Problem> Without the pictures, copy all the entries below exactly.

Excerpted records>
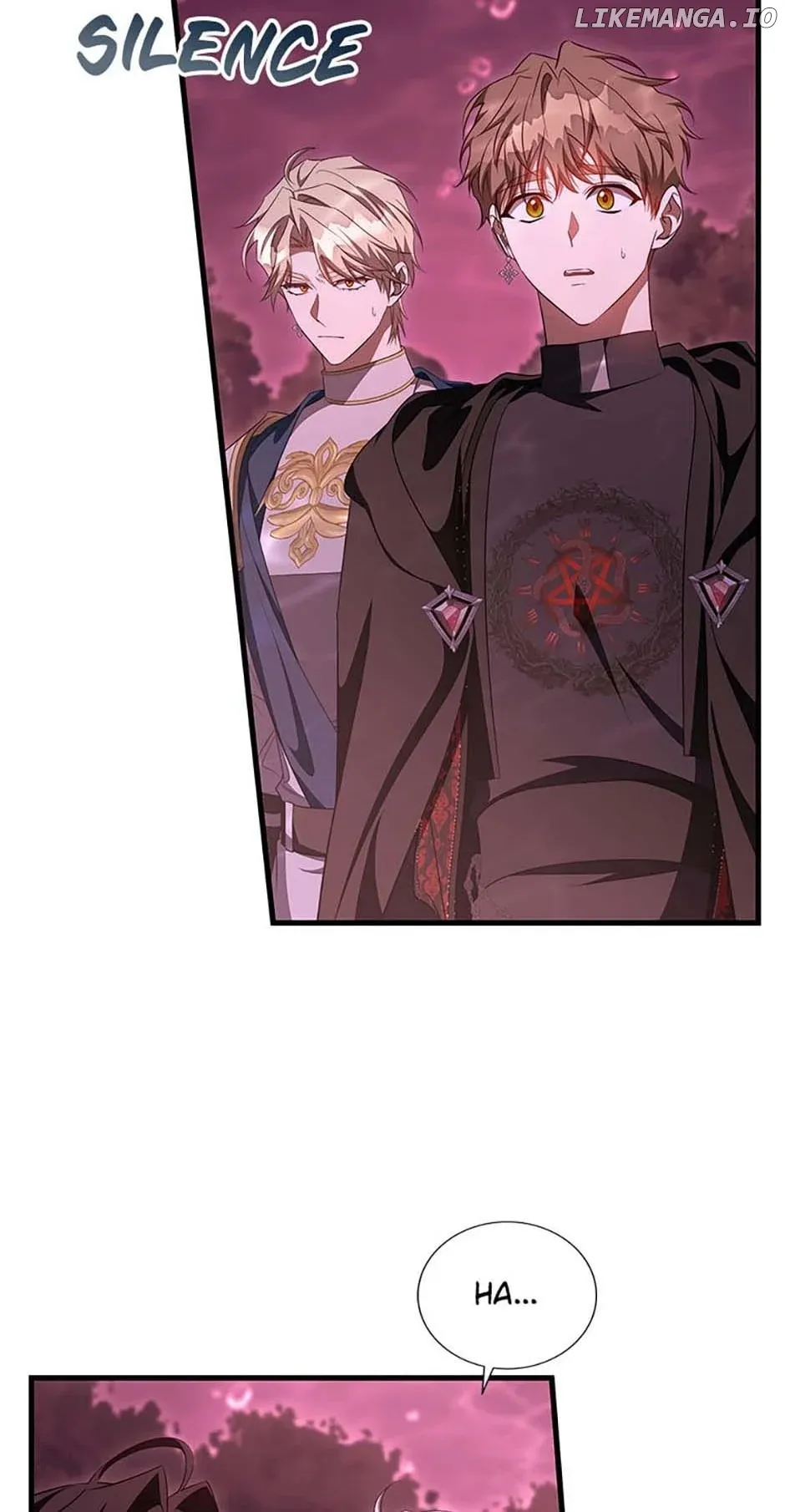It’s My Destiny To Be The Hero’s Saviour Chapter 89 Online - página 47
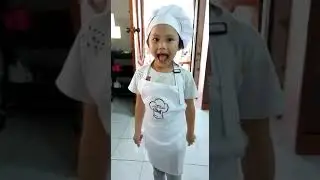 Amni masak sup sayur in english. Wowww!!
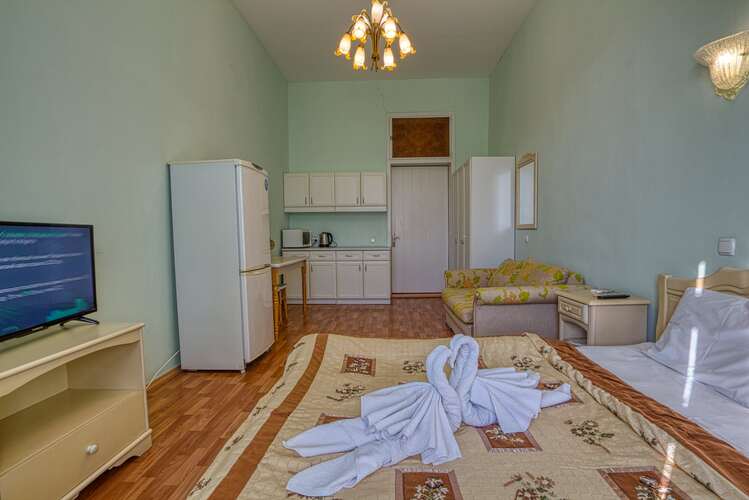 Фотография отеля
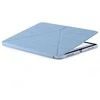 Pipetto Origami No1 Original dėklas, žydros spalvos – Apple iPad Air 13″ 2024/2025/2026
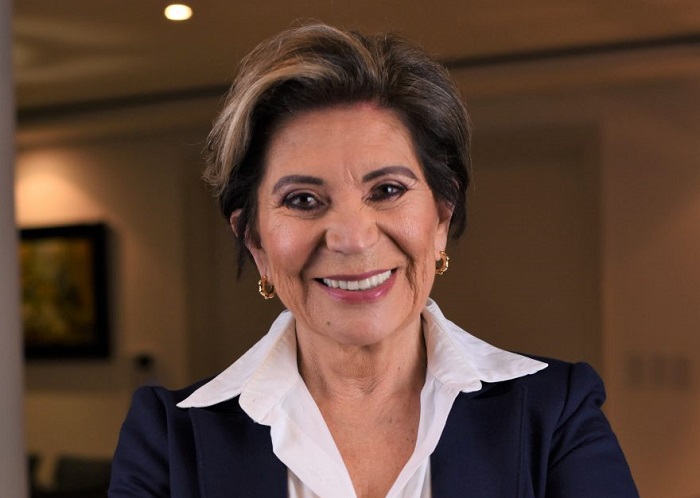 PREFEITA ELIZABETH SCHIMIDT GARANTE A REELEIÇÃO EM PONTA GROSSA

Answer for this exercise>
It’s My Destiny To Be The Hero’s Saviour Chapter 89 Online - página 47
 Amni masak sup sayur in english. Wowww!!
 Фотография отеля
 Pipetto Origami No1 Original dėklas, žydros spalvos – Apple iPad Air 13″ 2024/2025/2026
 PREFEITA ELIZABETH SCHIMIDT GARANTE A REELEIÇÃO EM PONTA GROSSA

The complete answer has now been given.